The rare clones constitute a low copy genetic resource that could rapidly expand as a response to habitat alterations, such as antimicrobial chemotherapy or invasion of novel microbes.
Abstract
The CF lung metagenome is composed of few viruses and fungi and hundreds of bacterial species, clones and subclones http://ow.ly/ZiqUE
Lessons for clinicians
More than 1000 microbial species were identified in the airways of children, adolescents and adults with cystic fibrosis (CF) by high-throughput shotgun metagenome sequencing of induced sputum samples.

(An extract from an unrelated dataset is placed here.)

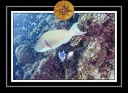 2010 Maldives 065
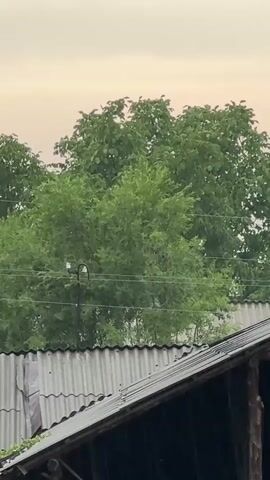 A video shows a close-up of a roof with gray corrugated metal sheeting. The roof is angled downwards and to the right. Behind the roof, there are lush green trees with dense foliage. Power lines are visible crossing horizontally through the trees. The sky above is overcast with a pale orange or pinkish hue, suggesting it might be dawn or dusk. There appears to be rain falling, as evidenced by streaks or blurred lines in the lower right portion of the frame and on the roof itself. The overall atmosphere is subdued, possibly due to the weather.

Actinobacteria, Bacteroidetes, Firmicutes, Fusobacteria and Proteobacteria constitute >99% of the bacterial community in CF airways.
The DNA virome mainly consists of bacteriophages and occasionally of human pathogens, such as adeno- or herpes viruses and the mycobiome mainly consists of Candida and Aspergillus species.
A normal microbial airway metagenome lacking any CF-associated pathogens was observed in healthy CF adults with normal spirometry and normal lung clearance index. These index cases have been regularly seen since the age of diagnosis suggesting that continuous surveillance and intervention, if indicated, could prevent or decelerate progressive CF lung disease in some, but not all, subjects.
Pseudomonas aeruginosa was present in all samples from exocrine pancreatic insufficient (PI) CF patients, albeit prevalence was very low in subjects classified as P. aeruginosa-negative by standard bacteriology. P. aeruginosa is apparently acquired early in life in all PI CF patients. This novel information should be considered in forthcoming best practise guidelines for infection control and P. aeruginosa eradication programmes.
At present, the clonal populations of the common CF pathogens Staphylococcus aureus and P. aeruginosa in CF airways are more complex than presumed. Besides one or two major clone types that are amenable to standard culture-dependent diagnostics, several rare clone types coexist in CF lungs which could rapidly expand as a response to antimicrobial chemotherapy or invasion of novel microbes.
Introduction
CF is a life-shortening, debilitating, autosomal recessive disease that is caused by mutations in the cystic fibrosis transmembrane conductance regulator (CFTR) gene [1]. The basic defect of impaired epithelial chloride and bicarbonate secretion predisposes CF patients to chronic airway infections with opportunistic pathogens, which determine most morbidity in people with CF [1]. Epidemiological data drawn from culture-dependent diagnostics of respiratory specimens indicated that the airways of CF patients become colonised with Haemophilus influenzae and Staphylococcus aureus during early childhood, followed later in life by Pseudomonas aeruginosa and sometimes by organisms such as Burkholderia cepacia complex or atypical mycobacteria [2]. Culture-independent technologies, however, revealed that the CF respiratory tract is not inhabited by these few pathogens, but rather by complex polymicrobial communities [3–10]. Sequencing of PCR-amplified parts of bacterial 16S ribosomal (r)DNA genes could identify over 100 distinct genera including Streptococcus and numerous anaerobes as major players that are routinely not detected during the culture-dependent processing of CF-derived respiratory secretions.
Sequence variations in the ancient and ubiquitous ribosomal RNA genes are considered to reflect the universal molecular clock of life [11]. Correspondingly, the composition of microbial communities is described by the abundance of individual rDNA sequences. However, one has to accept some inherent biases of this approach. First, prokaryotes and eukaryotes need to be analysed separately due to their basic difference of rDNA sequence and, correspondingly, most work has been confined to the bacterial microbiota. Secondly, the sequences of the sample are prepared for analysis by oligonucleotide primer-based amplification steps. Subsequent sequencing of the amplicons has a limited ability to resolve taxonomic identification to the species level, may fail to detect phyla and can skew the estimation of species relative abundance in a community [12, 13].
These limitations can be overcome by whole-genome shotgun sequencing [14], which may provide information about the composition of the community up to the level of clonal complexes. Within the context of the CF lungs, the published studies to date have focused on the sputum metagenomes derived from CF adults with advanced lung disease [15–17]. Each of the 10 so far investigated subjects hosted a unique polymicrobial community.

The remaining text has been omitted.